Karari Chandpur is a census town in the Kaliachak I CD block in the Malda Sadar subdivision of Malda district in the state of West Bengal, India.

Geography

Location
Karari Chandpur is located at .
 	
According to the map of Kaliachak CD block in the District Census Handbook, Maldah, 2011, Silampur, Baliadanga, Alipur and Karari Chandpur form a cluster of census towns.

Area overview
The area shown in the adjoining map is the physiographic sub-region known as the diara. It "is a relatively well drained flat land formed by the fluvial deposition of newer alluvium." The most note-worthy feature is the Farakka Barrage across the Ganges. The area is a part of the Malda Sadar subdivision, which is an overwhelmingly rural region, but the area shown in the map has pockets of urbanization with 17 census towns, concentrated mostly in the Kaliachak I CD block. The bank of the Ganges between Bhutni and Panchanandapur (both the places are marked on the map), is the area worst hit  by left bank erosion, a major problem in the Malda area. The ruins of Gauda, capital of several empires, is located in this area.

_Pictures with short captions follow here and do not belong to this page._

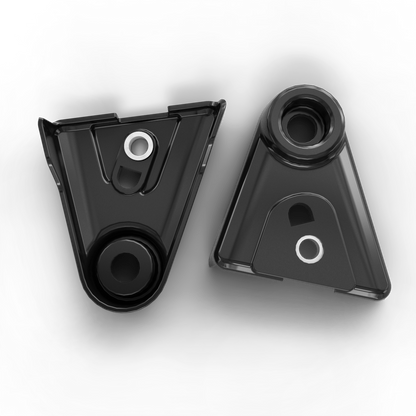 Royal Enfield RAN00138/B right trafficator holder bracket for Meteor 350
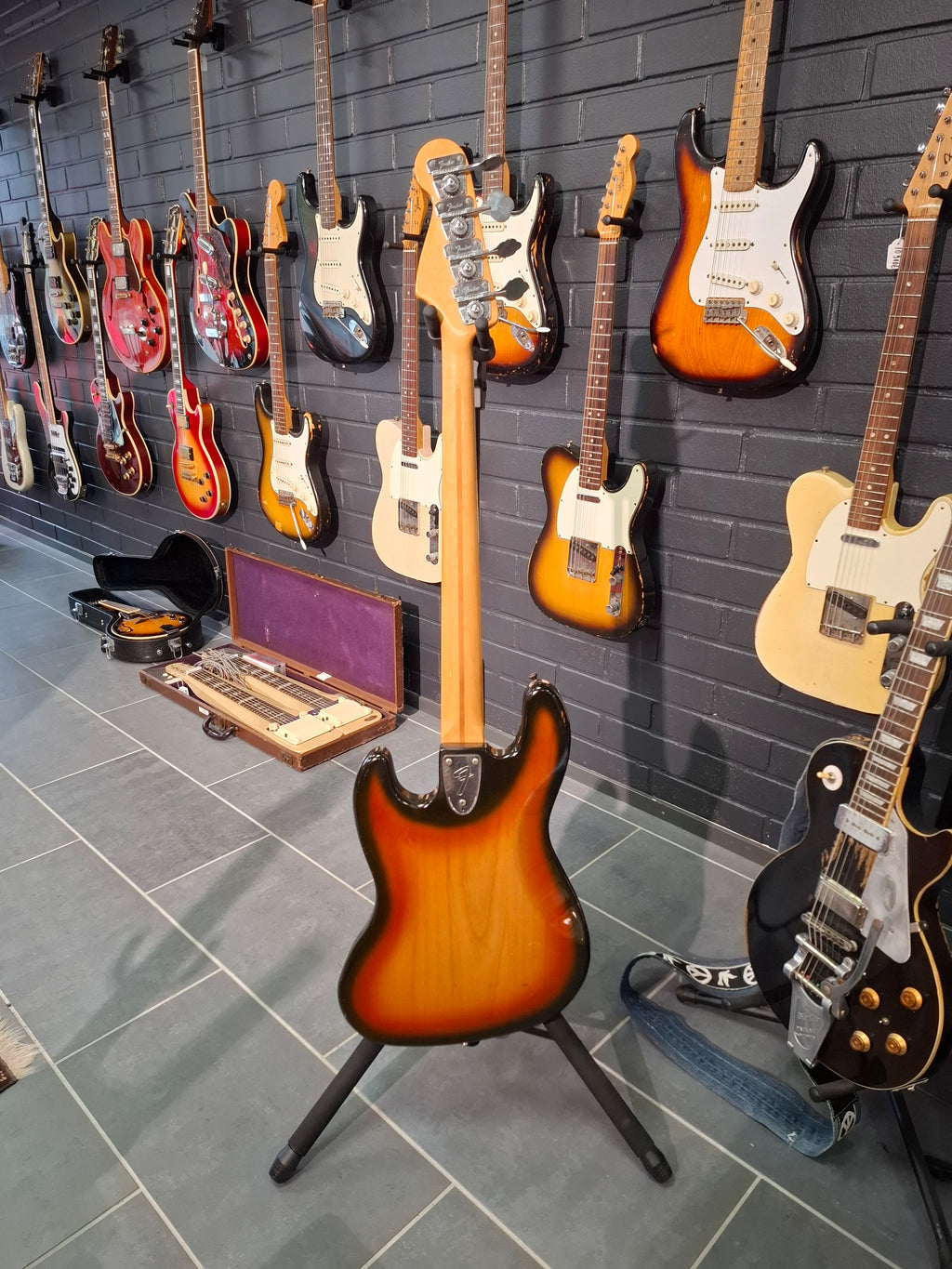 Fender Jazz Bass 1978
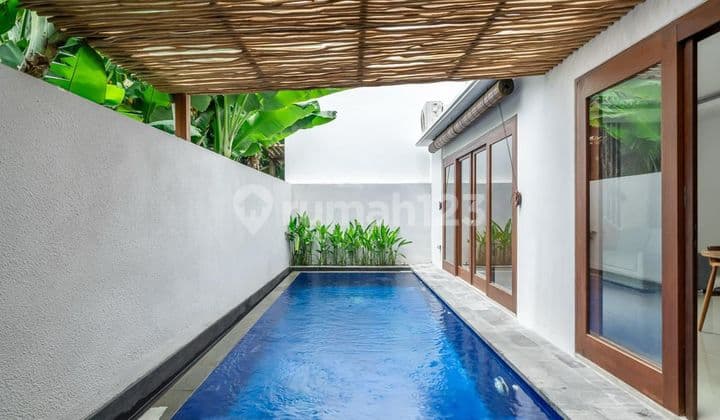 For Sale: Spacious New House In Kerobokan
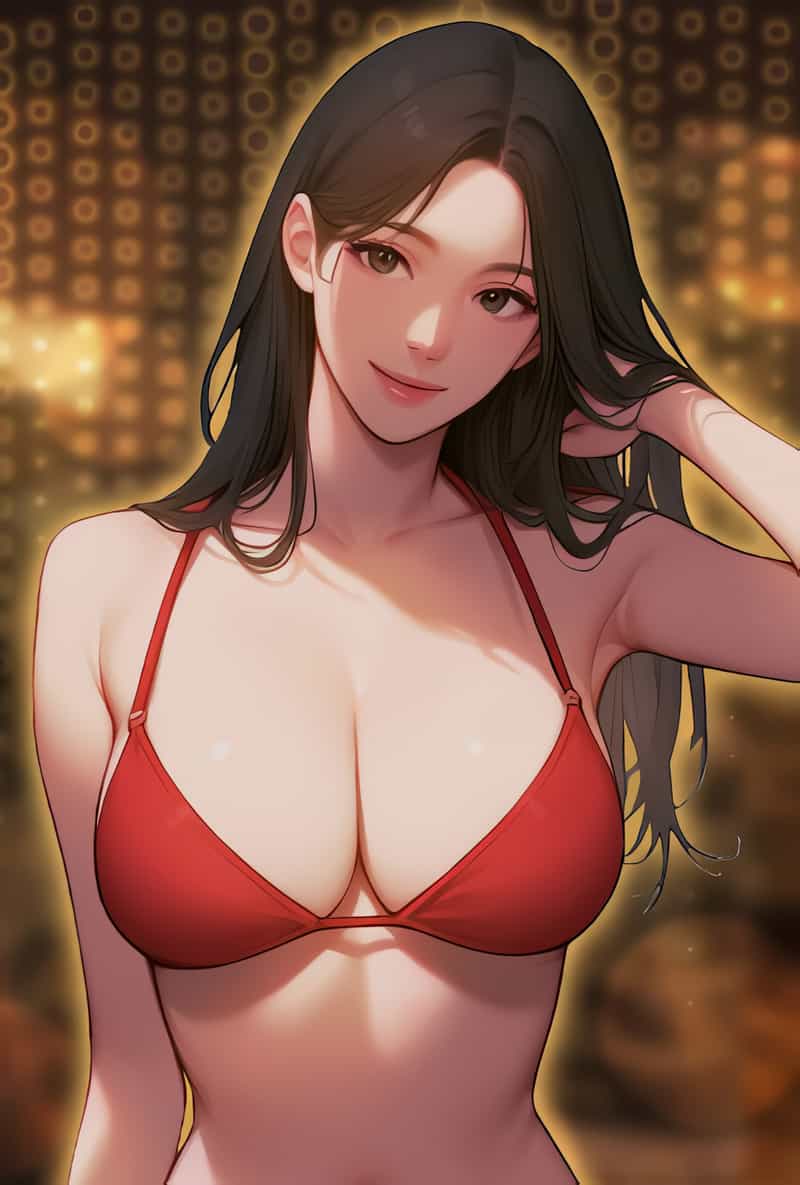 悖論 8-9話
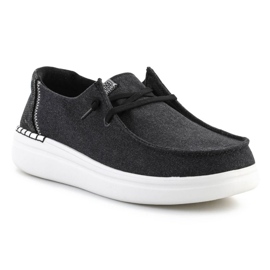 Hey Dude Hej Dude Wendy Rise Shoes W 40074-001 svart
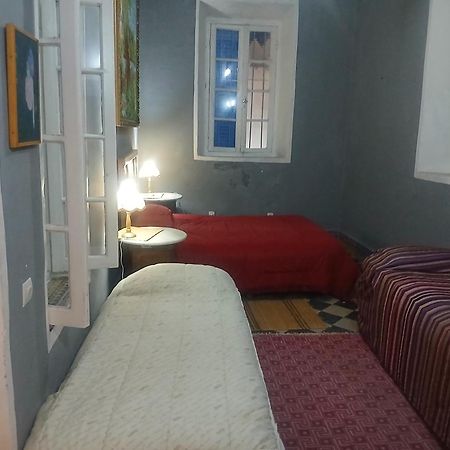 La Maison Haute Larache Morocco מראה חיצוני תמונה
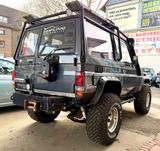 Toyota Land Cruiser HZ J70 LV 4x4 4.2 Turbo - Toyota Land Cruiser: 70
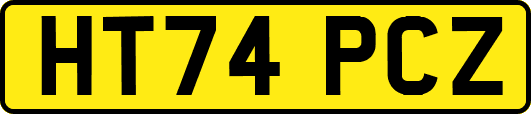 HT74PCZ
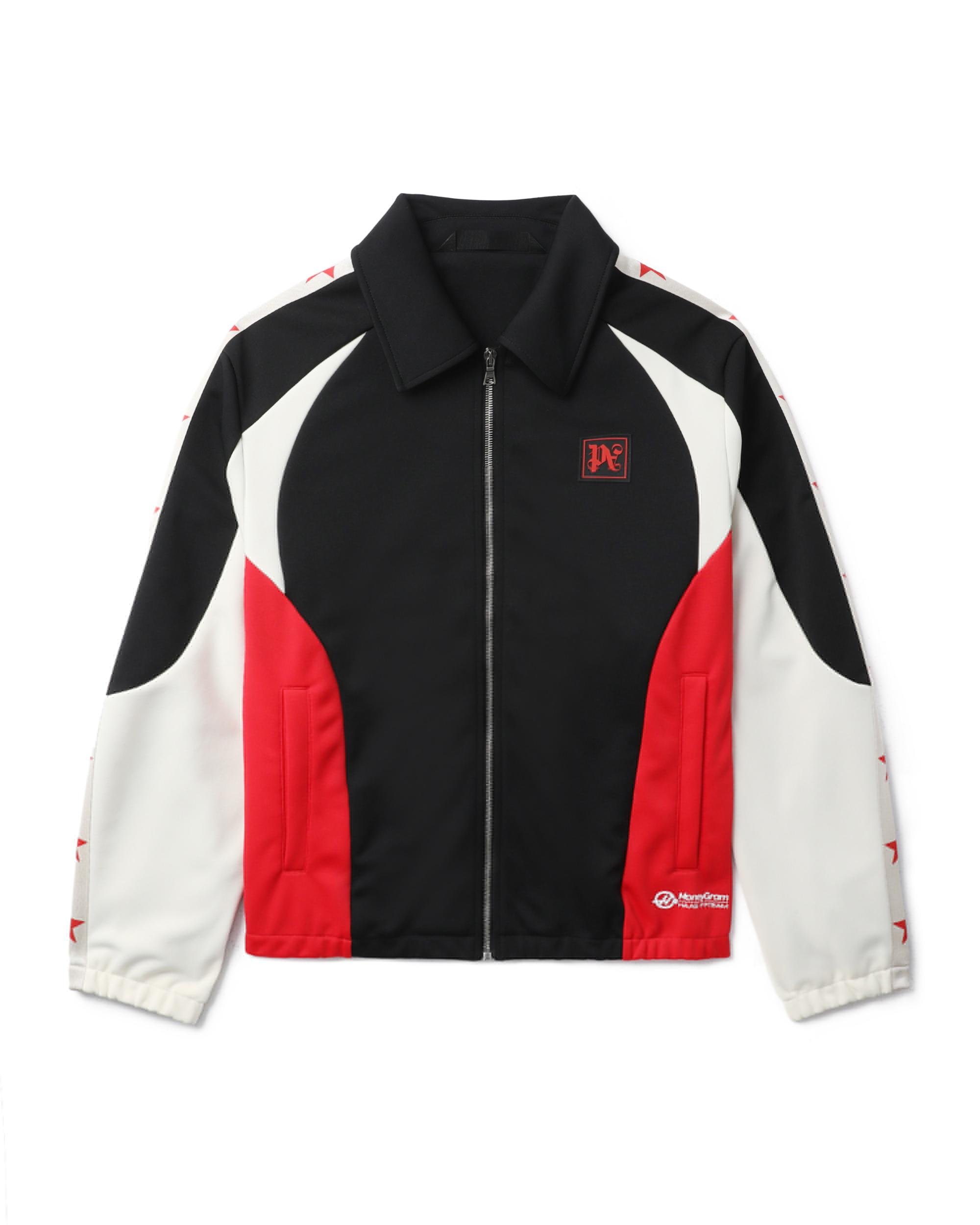 Paxhaas track blouson by PALM ANGELS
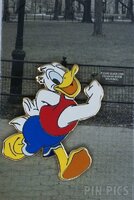 WOD NYC - Donald - Jogging - Scenes of New York City - Mystery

Note: The map alongside presents some of the notable locations in the area. All places marked in the map are linked in the larger full screen map.

Demographics
According to the 2011 Census of India, Karari Chandpur had a total population of 10,941, of which 5,571 (51%) were males and 5,370 (49%) were females. Population in the age range 0–6 years was 1,777. The total number of literate persons in Karari Chandpur  was 4,798 (52.36% of the population over 6 years).

Infrastructure
According to the District Census Handbook, Maldah, 2011, Karari Chandpur covered an area of 2.4041 km2. The protected water-supply involved tap water from treated sources, tube well/ bore well. It had 856 domestic electric connections. Among the educational facilities, it had 1 primary school in town, other school facilities at Kaliachak 3 km away. It had 5 non-formal education centres (Sarva Shiksha Abhiyan). It produced cocoon.